Both sides of the strike seem set on sticking to their ways for the long haul. The anonymous executive comments to Deadline really energized the movement, with many people taking to picket lines to support the case. With streaming, there are more movies and TV shows getting made than ever before. While that's been good for CEOs' bottom line, it hasn't translated to better living conditions for actors, writers, and many other people in the industry. 

And Hollywood would be nothing without the contributions of actors, writers, and other artists. They make the movies and TV shows everyone enjoys, but streaming has provided a workaround for these companies to get out of paying the kinds of salaries and residuals people would make in the 1980s and '90s. Shawn Ryan, creator of "The Shield," told Variety, "Their entire streaming businesses that they're basing their entire future on are not possible without the work that we do. And that mere fact deserves a level of respect that they haven't shown us yet." And while many people try to find ways to pay the bills at this time, it's for the greater good of protecting everyone who is in the industry and wants to join someday. 

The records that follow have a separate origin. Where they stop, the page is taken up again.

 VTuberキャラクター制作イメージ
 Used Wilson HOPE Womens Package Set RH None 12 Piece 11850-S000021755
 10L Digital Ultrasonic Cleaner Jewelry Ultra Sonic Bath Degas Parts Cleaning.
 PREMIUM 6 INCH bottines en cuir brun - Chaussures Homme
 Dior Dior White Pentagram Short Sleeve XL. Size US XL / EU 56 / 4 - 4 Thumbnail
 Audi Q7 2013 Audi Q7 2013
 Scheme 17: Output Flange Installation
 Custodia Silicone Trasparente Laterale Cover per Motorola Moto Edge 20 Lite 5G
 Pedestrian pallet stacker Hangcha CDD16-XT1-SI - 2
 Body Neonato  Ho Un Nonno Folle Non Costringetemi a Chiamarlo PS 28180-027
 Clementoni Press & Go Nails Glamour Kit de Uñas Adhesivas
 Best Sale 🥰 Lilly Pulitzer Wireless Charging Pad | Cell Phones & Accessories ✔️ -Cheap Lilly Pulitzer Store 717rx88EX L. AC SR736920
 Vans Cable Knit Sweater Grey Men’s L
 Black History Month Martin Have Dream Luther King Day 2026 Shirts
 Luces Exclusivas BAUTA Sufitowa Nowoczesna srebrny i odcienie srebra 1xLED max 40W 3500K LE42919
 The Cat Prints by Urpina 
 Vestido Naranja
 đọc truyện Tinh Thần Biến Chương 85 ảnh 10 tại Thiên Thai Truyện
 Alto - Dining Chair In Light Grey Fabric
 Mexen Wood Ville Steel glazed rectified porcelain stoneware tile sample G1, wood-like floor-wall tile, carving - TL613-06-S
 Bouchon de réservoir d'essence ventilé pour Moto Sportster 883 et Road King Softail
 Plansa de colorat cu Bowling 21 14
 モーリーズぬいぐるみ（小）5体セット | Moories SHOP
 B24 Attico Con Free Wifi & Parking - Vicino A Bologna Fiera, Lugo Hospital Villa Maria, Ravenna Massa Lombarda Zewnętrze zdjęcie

There may be no resolution in sight for a while, with Benchmark analyst Matthew Harrigan stating, "I think this will be at least several months. Both sides seem dug in. It all comes down to who has the financial wherewithal to hold out the longest." These strikes are for the betterment of the working class in the entertainment industry, and for the time being, studios will continue spending millions of dollars to do nothing rather than pay artists what they're worth.